Since this year’s important May lows, regarding important extrema and turns gold has been following the average election year course in the US presidential cycle in a noticeably significant way:
Source: www.seasonalcharts.com/zyklen_wahl_gold_election.html
In the chart above, the blue line simulates the average gold performance of an election year in the US presidential cycle from 1968 to 2008.
Color-coded and emphasized by notes, you find the gold turns and important extrema in 2016 since just that mentioned late-May consolidation low (05/31) for comparison.
Shortly after the second important highpoint 2016 – the extrema (06/24) after the Brexit referendum – the current year high followed, reached on 07/06. According to time, the 2016 high is in total unison in respect of the typical year high in the election year that uses to start at the beginning of July on average.
Whenever such a blatant accordance with a seasonal extreme is detected, we traders and investors should get sensitive. Because, in that case it may well be that the respective market would like/want to join this “seemingly” determining seasonal pattern.
==> So, it’s thoroughly possible that:
A) Gold has already got over with its final high of the year 2016.
B) Its next important low in 2016 is perhaps still in store. As a rule, this one uses to ensue by the end of October, hence shortly before the 11/08 election date.
C) Thereby, the consolidation narrowly below the year high that started at the year high might extend by 3-5 more agonizing weeks.
Yeah, since the finalized year high 2016, gold has “only” been in a consolidation period digesting the previous strong price rise:
In my opinion, this 15 Candle GUNNER24 Up Setup in the weekly time frame displays the clearest way what’s happening with gold and what is still to be expected for the rest of the year.
It measures from the final year-2015 low made in December up to the important small exhaustion high of March 2016. At the year high, for the first time the 1st double arc resistance was reached.
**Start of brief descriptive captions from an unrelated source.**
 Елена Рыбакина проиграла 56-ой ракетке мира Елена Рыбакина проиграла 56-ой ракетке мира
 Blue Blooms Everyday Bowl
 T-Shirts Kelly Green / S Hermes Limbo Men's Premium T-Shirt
So we see that the 1st is an extremely important resistance – an arc resistance in the yearly time frame because that’s where the current year high was brought in, after all.
The consolidation cycle that began after the year high is predominantly determined by the 1st double arc, being the upper line of the 1st double arc the weekly high resistance and the lower line of the 1st double arc providing support. Partway, the lower line of the 1st provided weekly low support, but for two months it has been providing weekly closing base support again, as well.
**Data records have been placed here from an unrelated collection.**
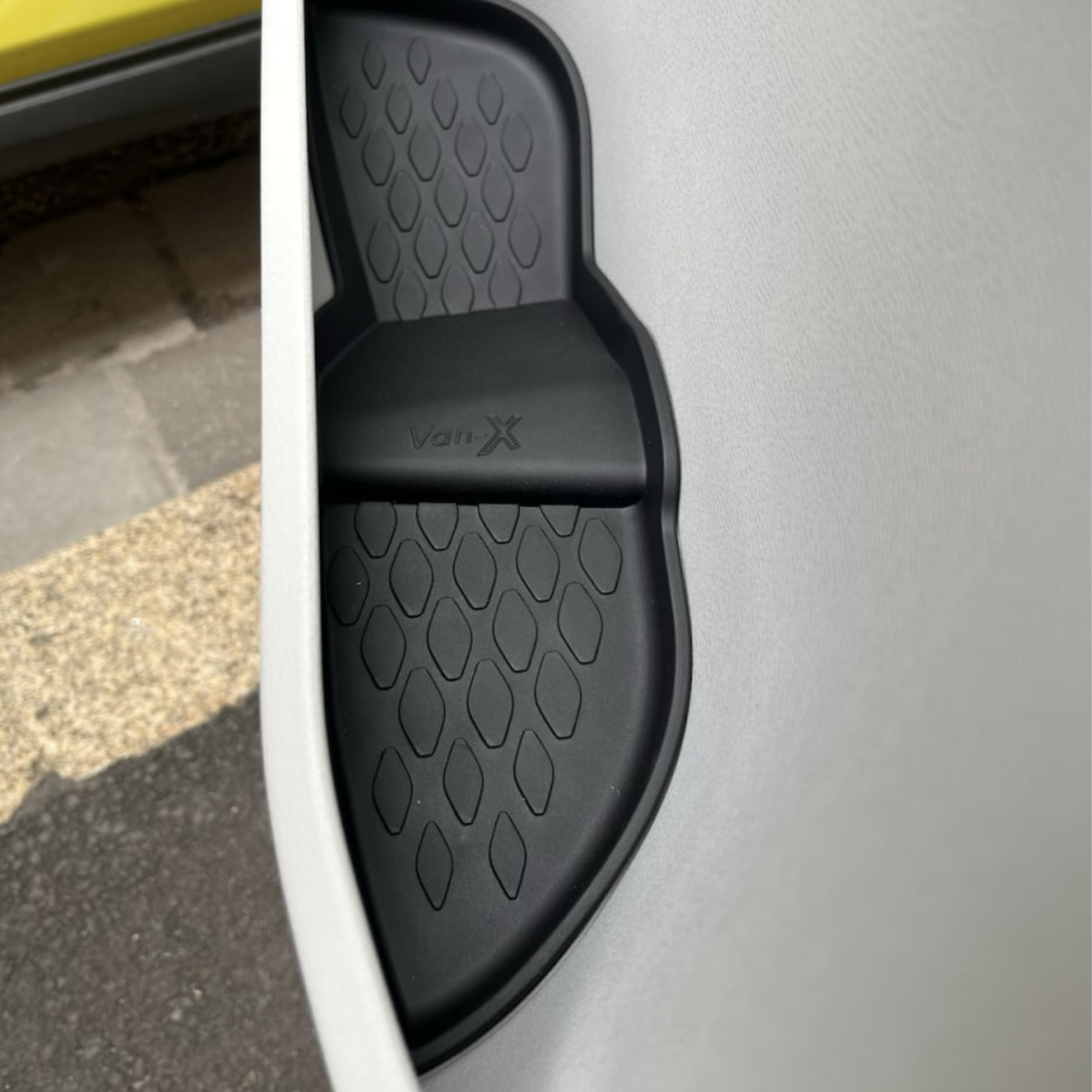 For VW ID Buzz Rubber Door Card / Pocket Mats - Lower Level, Premium Fit
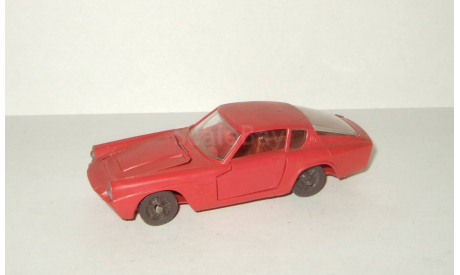 Мазерати Maserati Mistral Coupe Ремейк сделано в СССР 1:43, масштабная модель, 1/43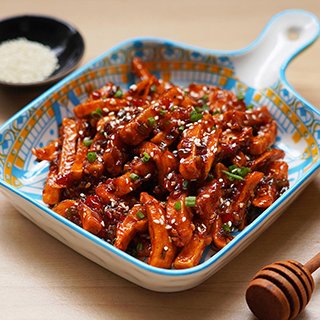 honey Potato chilli dry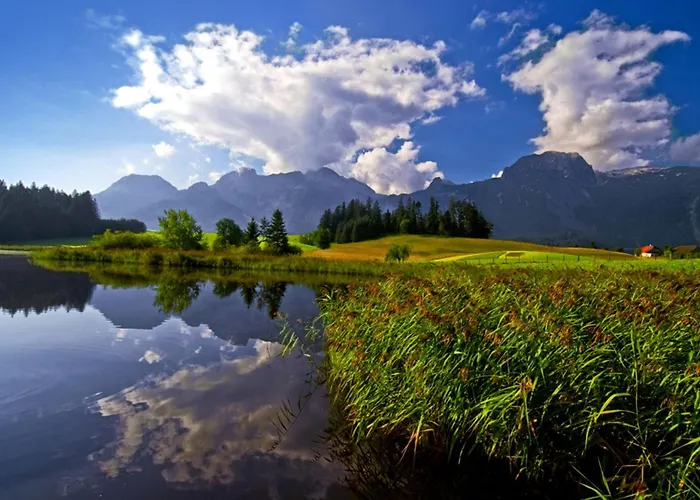 מלון דירות Alpenapartments Unterschlag אנברג אים לאמרטל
Since the consolidation presents several closings within the lines of the 1st double arc in addition the consolidation taking place rather narrowly below the year highs and since the weekly candles are clearly oriented by the magnet of the 1st since the beginning of August again, gold is experiencing an absolutely bullish consolidation at the highs. As you know, such use to dissolve upwards.
Next strong bullish signal: When a first significant weekly close above the upper line of the 1st double arc appears/comes about, the consolidation should have to have come to its official end. As a result, with a probability of more than a 75%, gold will have to head for the lower line of the 2nd double arc in trend direction. In such a case, the lower line of the 2nd would have to be reached till year end 2016.
Next strong bearish signal: A first significant weekly close BELOW the 1*1 Bull Market Angle will activate A) a backtest of the 1221-1222 monthly GUNNER24 Support Horizontal resp. B) perhaps even a backtest of the round 1200 mark till year end 2016!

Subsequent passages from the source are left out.